■ Exercise requirements ■
Only the lines from the one that contains "Pink and white" to the last line below, both included, should be transcribed. Pictures stay out of the copy.

■ Exercise data ■

-=-=-

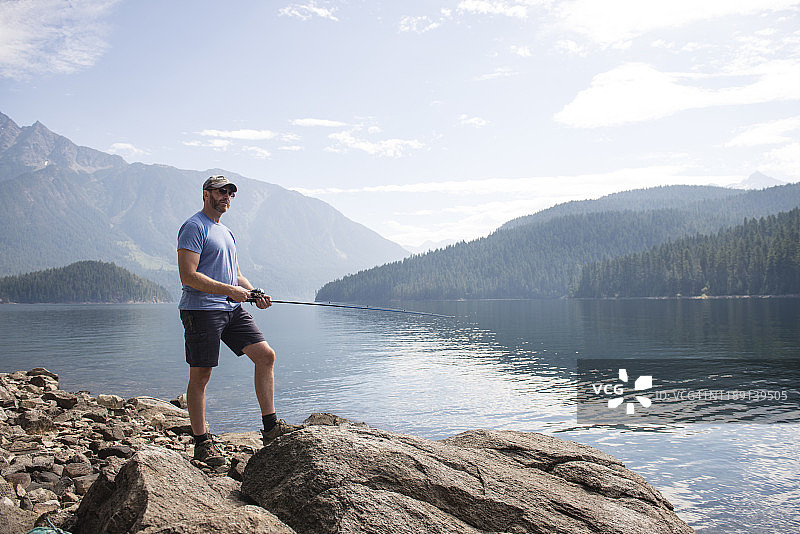男人站在华盛顿州罗斯湖的岩石上钓鱼图片素材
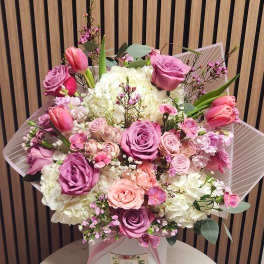 Pink and white bouquet in a white hat box with ribbon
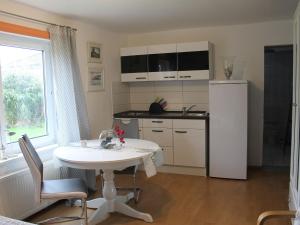 a kitchen with a white table and a white refrigerator at Apartment in Pepelow with Roofed Terrace, Garden, Barbecue in Pepelow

-=-=-

■ Written reply ■
 Pink and white bouquet in a white hat box with ribbon
 a kitchen with a white table and a white refrigerator at Apartment in Pepelow with Roofed Terrace, Garden, Barbecue in Pepelow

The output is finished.